The resolution is the product of a long fight for Khanna. In September, he launched an effort with Reps. Mark Pocan (D-Wis.), Walter Jones (R-N.C.) and Thomas Massie (R-Ky.) to force a House vote on the U.S. role in Yemen using the War Powers Resolution — a move that could actually compel the executive branch to pull out of the conflict and would at the very least force lawmakers to consider the war in high-profile, high-stakes fashion. The plan attracted support from a range of bedfellows: liberal darlings like Harvard law professor Laurence Tribe and actor Mark Ruffalo came on board with the conservative powerhouse FreedomWorks. But it was too radical for House leaders wary of appearing weak, particularly toward Iran, or of highlighting questions about potential U.S. culpability in war crimes.
“The Republicans at the outset … had an agreement among themselves to bury this, and they weren’t clear about how to do it,” a senior congressional aide told HuffPost.
GOP House leaders pushed back the binding vote scheduled for the resolution in October and began negotiations with Khanna, top Democrats and others. As the next date for a vote, in early November, neared, internal frustrations became public. One advocate of the measure told The Intercept that Democratic Whip Steny Hoyer of Maryland was working with the GOP to discourage lawmakers from becoming co-sponsors of the effort. Hoyer’s defenders, Khanna among them, say he and others, including Republicans, simply had different interpretations of the War Powers Resolution and whether it applied.

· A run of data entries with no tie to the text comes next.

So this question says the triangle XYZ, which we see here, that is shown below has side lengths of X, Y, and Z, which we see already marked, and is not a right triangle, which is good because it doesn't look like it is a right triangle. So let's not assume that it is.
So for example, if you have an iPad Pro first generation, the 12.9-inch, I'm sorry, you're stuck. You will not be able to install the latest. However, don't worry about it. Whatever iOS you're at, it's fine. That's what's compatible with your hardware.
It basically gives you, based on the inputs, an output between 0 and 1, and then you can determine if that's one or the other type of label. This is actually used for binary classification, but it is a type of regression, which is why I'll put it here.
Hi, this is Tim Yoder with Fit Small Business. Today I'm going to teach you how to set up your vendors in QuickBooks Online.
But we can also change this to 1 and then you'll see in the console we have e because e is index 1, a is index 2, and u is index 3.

Activists were less convinced of good faith in the talks. The War Powers Resolution had to apply to Khanna’s original effort because it compels congressional approval when U.S. forces help coordinate or move foreign forces, Kate Gould of the Friends Committee on National Legislation wrote in an email to HuffPost. She called claims that it did not apply “outrageous.”

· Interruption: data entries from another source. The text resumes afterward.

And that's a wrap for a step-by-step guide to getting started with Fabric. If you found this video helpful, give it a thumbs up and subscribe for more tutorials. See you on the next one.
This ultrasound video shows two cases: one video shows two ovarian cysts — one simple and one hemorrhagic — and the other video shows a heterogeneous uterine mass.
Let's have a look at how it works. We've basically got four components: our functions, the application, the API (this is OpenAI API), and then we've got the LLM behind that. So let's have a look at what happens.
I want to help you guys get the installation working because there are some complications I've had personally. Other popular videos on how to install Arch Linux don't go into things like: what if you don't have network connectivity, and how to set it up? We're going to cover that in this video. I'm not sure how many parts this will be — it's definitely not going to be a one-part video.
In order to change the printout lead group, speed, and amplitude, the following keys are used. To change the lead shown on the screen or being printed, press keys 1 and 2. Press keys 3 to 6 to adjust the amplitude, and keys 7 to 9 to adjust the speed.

Eventually, the GOP scored its win. On the afternoon of Nov. 1, with little fanfare or notice to some activists and lawmakers following the effort, the House Rules Committee decided that the War Powers Resolution did not apply and rendered Khanna’s legislation just one more proposal that might never come to a vote.
But leadership promised Khanna his debate and a new resolution ― while the old one stayed alive and even attracted more co-sponsors once it became clear it was only symbolic. Rep. Adam Smith (D-Wash.), the top Democrat on the House Armed Services Committee, signed on the same day.
“The goal was to have a debate on Yemen because we have never had a debate on Yemen,” said the senior congressional aide. “We knew that there would be a price to pay for that, and not everyone was going to get what they wanted.”
Even watered down, the effort was successful enough to spook the Saudis and their supporters. The senior aide and another source familiar with congressional deliberations told HuffPost that Saudi-linked lobbyists passed talking points to friendly House members before Monday’s debate; a sample provided to HuffPost included points Republicans raised in the session, such as the idea that Iran wants to turn Yemen’s Houthi group into another version of Lebanon’s Hezbollah organization.
And it has left skeptics of the war energized for more. Multiple supporters of Khanna’s original resolution voted against the compromise measure to signal that they would like to see stronger legislation, Khanna and Gould told HuffPost. Those supporters included prominent figures in the House Progressive Caucus, which Khanna belongs to, including Pramila Jayapal (D-Wash.) and Keith Ellison (D-Minn.).
Activists are now turning their attention to the Senate, where they hope to see a measure similar to Khanna’s initial effort. Senators have already signaled their growing disapproval with the Saudi-led coalition’s actions with votes on arms sales and other measures.
“My message to activists would be let’s get more people,” Khanna told HuffPost, referring to both co-sponsors for his original bill in the House and senators. “Look at what we’ve achieved in three months.”